3. Given a directed graph G together with colors for its edges represented as a relation G(x,y,col) which means that the edge from vertex x to vertex y has color col, compute all paths 2-col-paths(x,y) such that there is a path from x to y which involves edges from exactly two colors.

2. Let Q be a query in relational algebra, whose result relation has n attributes. An equivalent datalog program to Q is a program (IDB) that computes, among other relations, a relation Q(x₁, ..., x_n) such that for any EDB, Q(a₁, ..., a_n) is true if and only if Q's result (in algebra) includes the tuple (a₁, ..., a_n) for that same EDB (input relations).

1. Prove that any query in relational algebra can be expressed as a datalog program (possibly with negation).

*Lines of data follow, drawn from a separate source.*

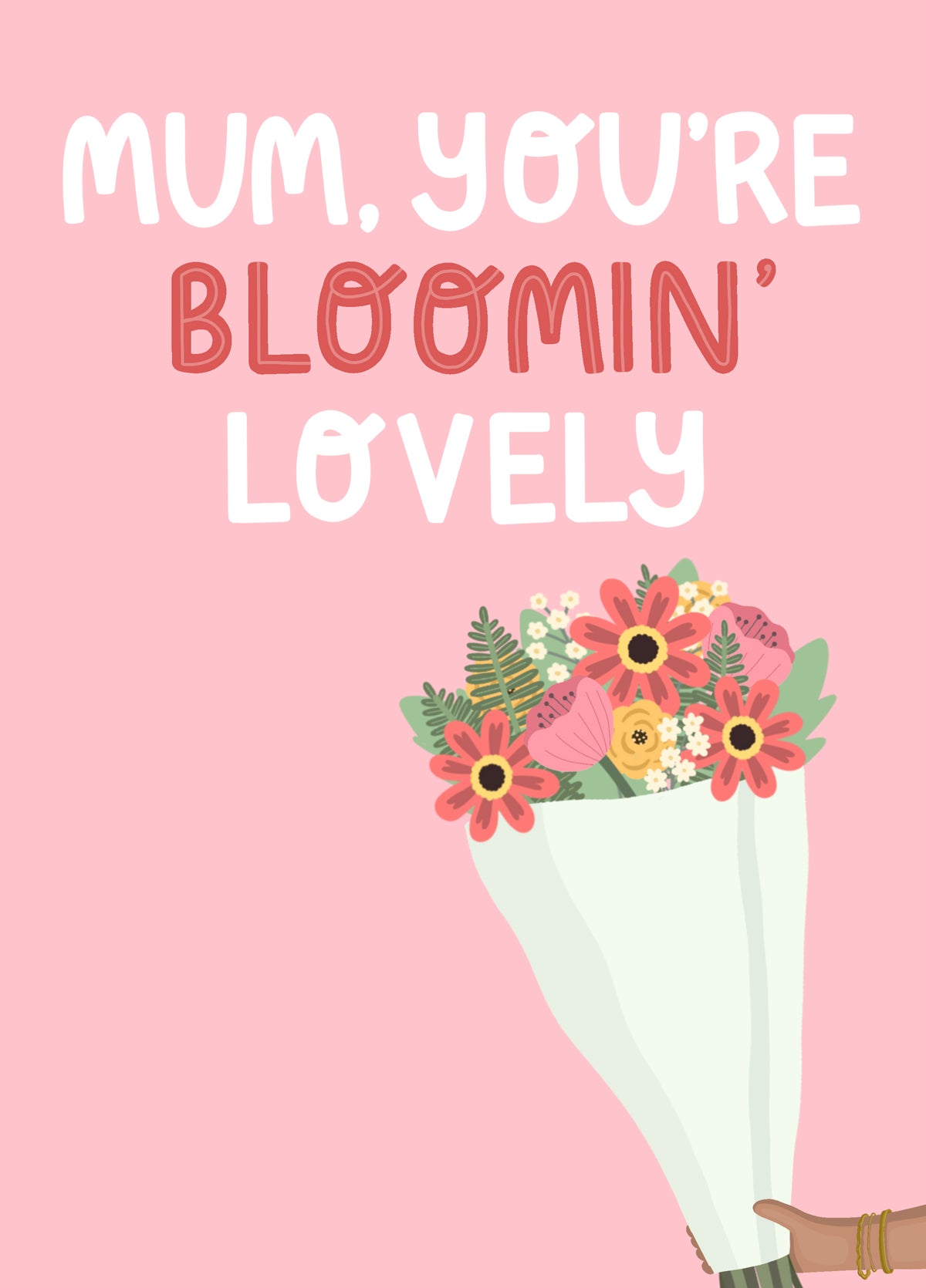 Mum, You're Bloomin' Lovely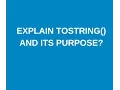 Explain the purpose of toString method in java with example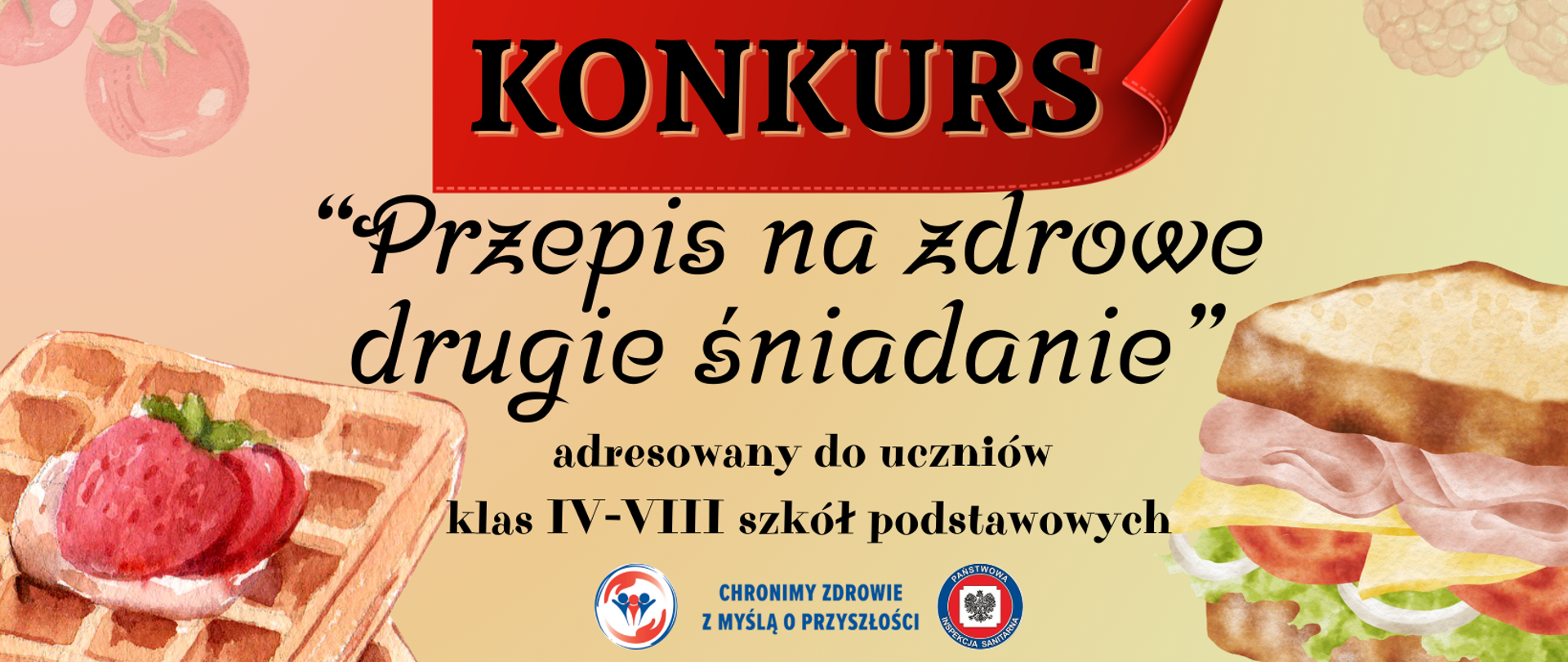 Konkurs "Przepis na zdrowe drugie śniadanie"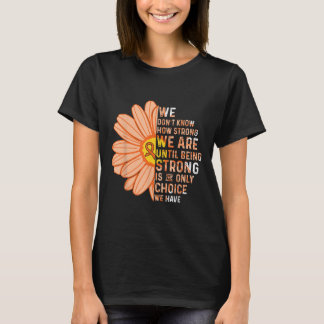 We Are Strong- Leukemia Cancer Awareness Supporter T-Shirt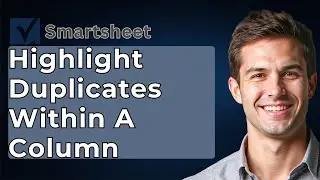 How To Highlight Duplicates In Smartsheet (Identifying Duplicates Within A Column) [2026 Guide]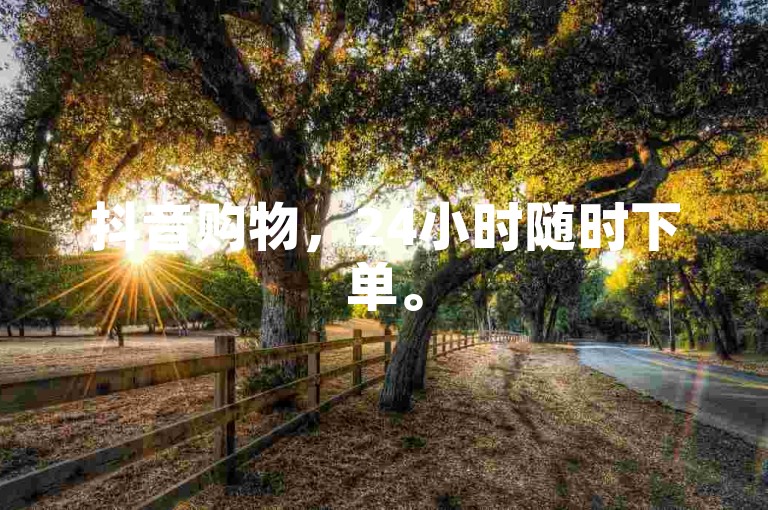 抖音购物，24小时随时下单。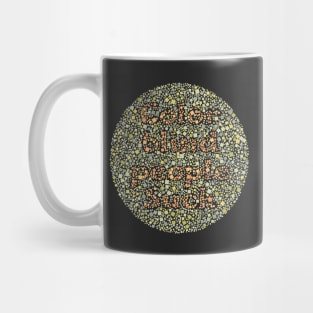 Color blind people Suck Mug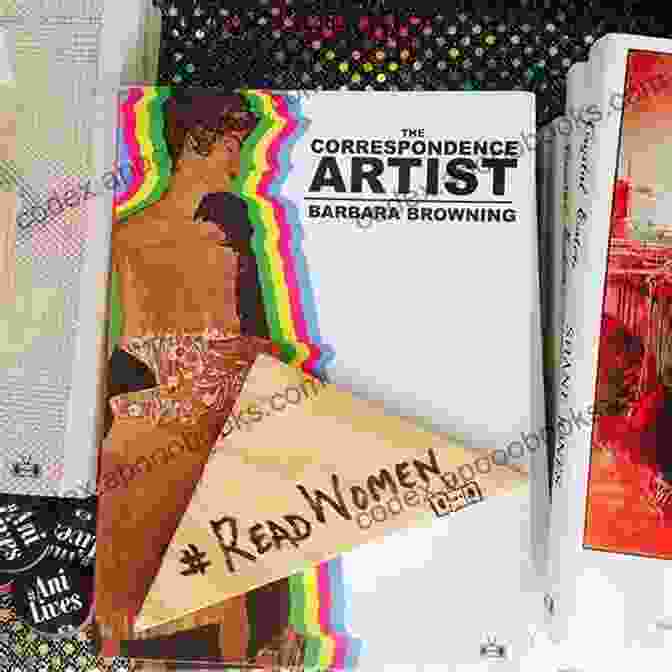 Barbara Browning, The Correspondence Artist, Creating Intricate And Thought Provoking Art Through Letters And Postcards. The Correspondence Artist Barbara Browning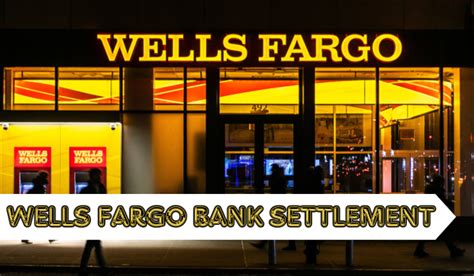 Wells Fargo Bank Settlement 2024 What To Expect The Published Reporter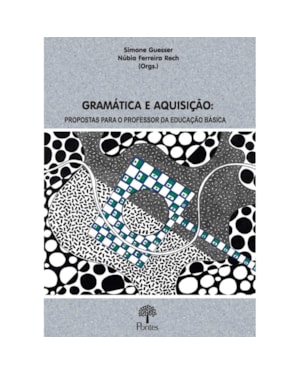 GRAMÁTICA E AQUISIÇÃO: PROPOSTAS PARA O PROFESSOR DA EDUCAÇÃO BÁSICA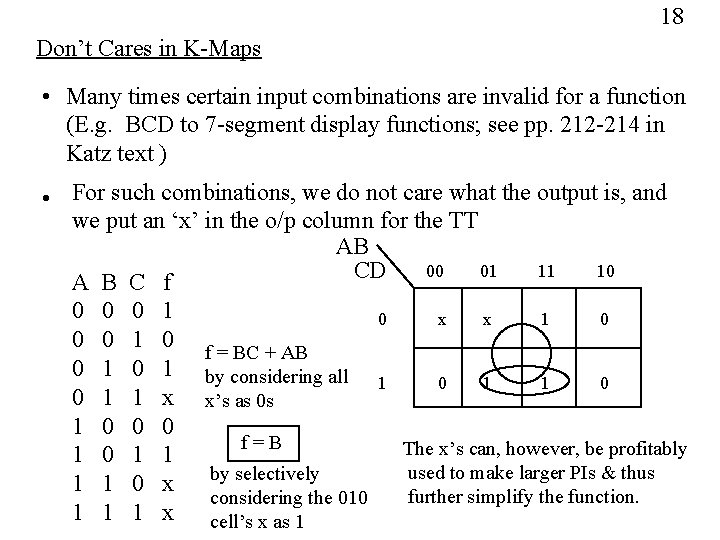 18 Don’t Cares in K-Maps • Many times certain input combinations are invalid for
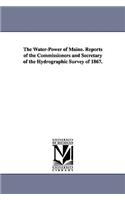Water-Power of Maine. Reports of the Commissioners and Secretary of the Hydrographic Survey of 1867.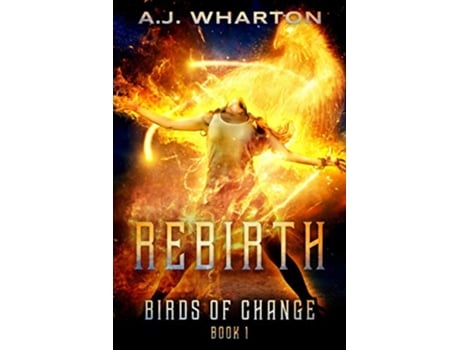 Livro Rebirth Birds of Change de A J Wharton (Inglês)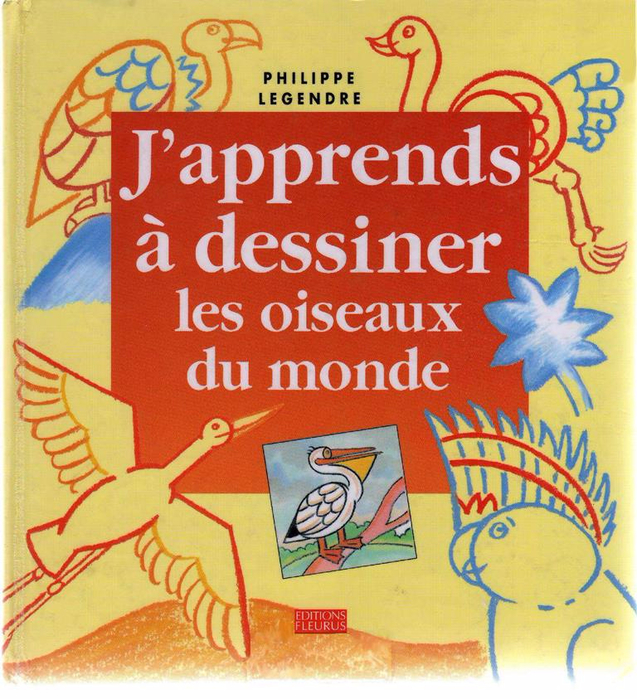 legendre_philippe_j_apprends_a_dessiner_les_oiseaux_du_monde_1 (637x700, 536Kb)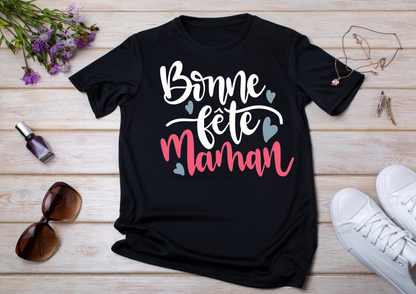 🌸 T-shirt "Bonne fête Maman" – Cadeau parfait pour la Fête des Mères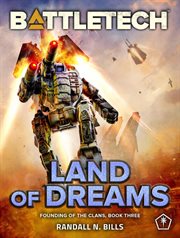 Battletech: land of dreams : Land of Dreams cover image cdn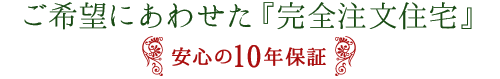 ご希望にあわせた「完全注文住宅」安心の10年保証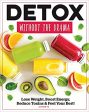 Detox without the Drama For Sale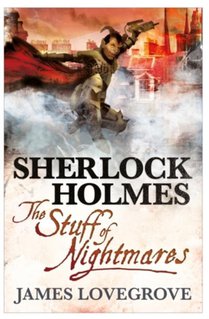 Sherlock Holmes, Stuff of Nightmares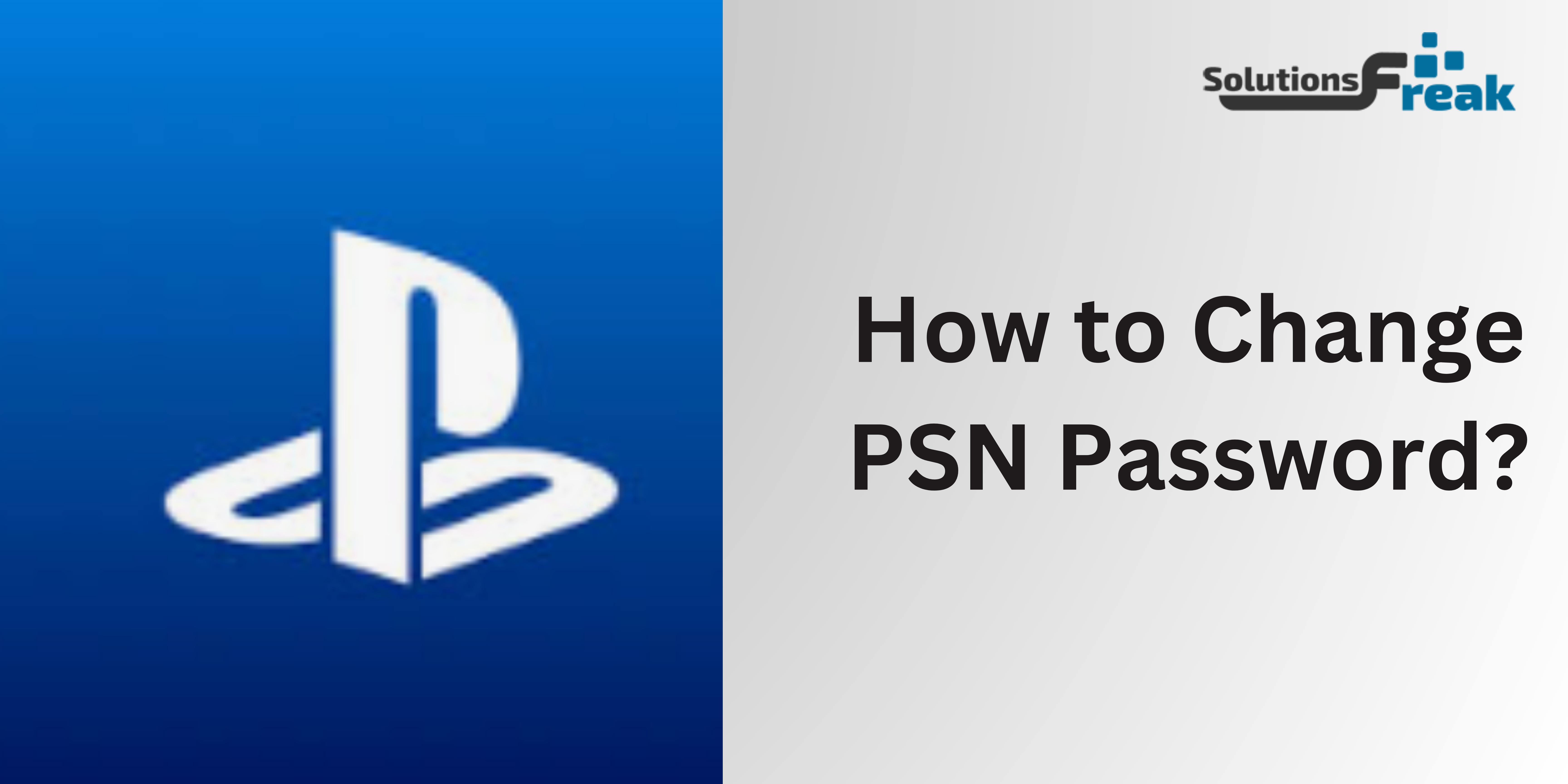 How to Change Your PSN Password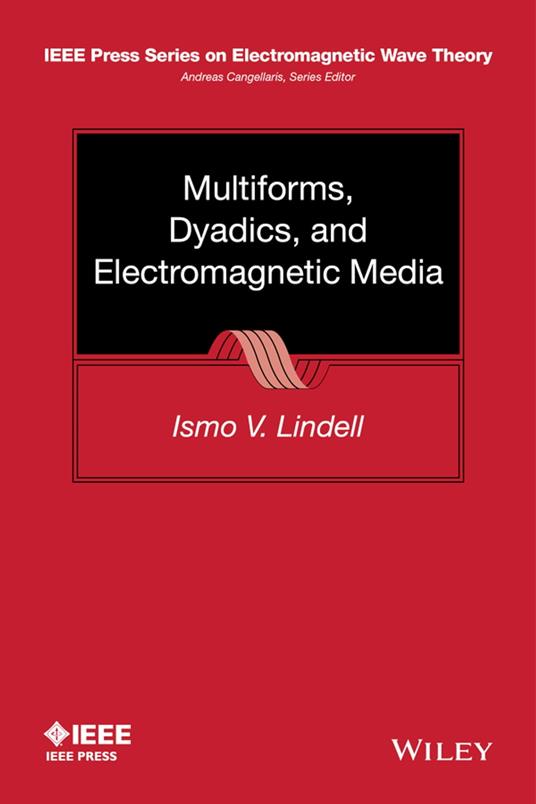 Multiforms, Dyadics, and Electromagnetic Media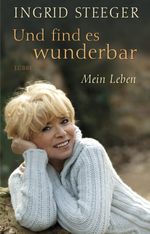 Und find es wunderbar Cover des Buches Und find es wunderbar (ISBN: 9783431038729)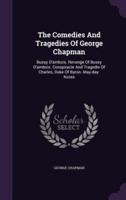 The Comedies And Tragedies Of George Chapman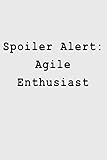  Spoiler Alert: Agile Enthusiast: Blank Lined Journal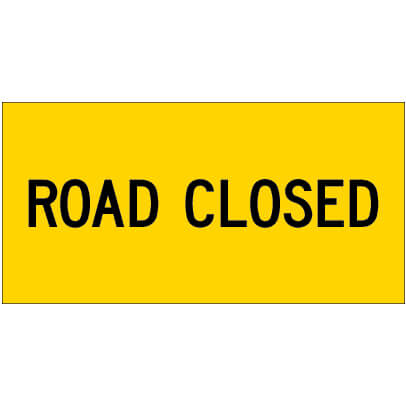 ROAD CLOSED CORFLUTE CLASS 1 -1200 X 600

You may assume that comparison relations such as =(x,y) and >(x,y) are given.
2. Describe the set of relational algebra queries that can be expressed by datalog programs without negation. Prove your answer.

3. A query Q is domain independent if its result does not depend on the domain, i.e. the result is the same for any two supersets of the active domain. In class, we have seen a safety criterion for datalog programs with negation. Prove that safety entails domain independency.

4. Assume that LOCK A, UNLOCK A means that A is read and also written. Give a schedule for two transactions and two items, which is unserializable and involves the least number of LOCK, UNLOCK steps. Illustrate that the schedule is unserializable using an example database. Prove that it uses the least number of steps.

5. Consider the following schedule:

T1:LOCK(A), T2:LOCK(B), T1:LOCK(C), T1:UNLOCK(A), T3:LOCK(A), T1:UNLOCK(C), T2:UNLOCK(B), T3:UNLOCK(A), T4:LOCK(A), T4:LOCK(C), T4:UNLOCK(A), T2:LOCK(A), T2:UNLOCK(A), T4: UNLOCK(C).

1. Build the schedule graph of this schedule.
2. Give an equivalent serial schedule.
3. Add a single LOCK X, UNLOCK X pair to this schedule that will cause it to be unserializable.

6. In practice, there are read locks which allow only reading an item, and write locks which allow both reading and writing. Many transactions can hold a read lock on an item at once, but write locks are exclusive - if a transaction holds a write lock on an item, then no other transaction can hold any kind of lock on that item.

1. Why might this be preferable over allowing only write locks? Illustrate your answer with an example.
2. Does a transaction which only reads a certain item and doesn't write it really need to take a read lock on the item? Illustrate your answer with an example.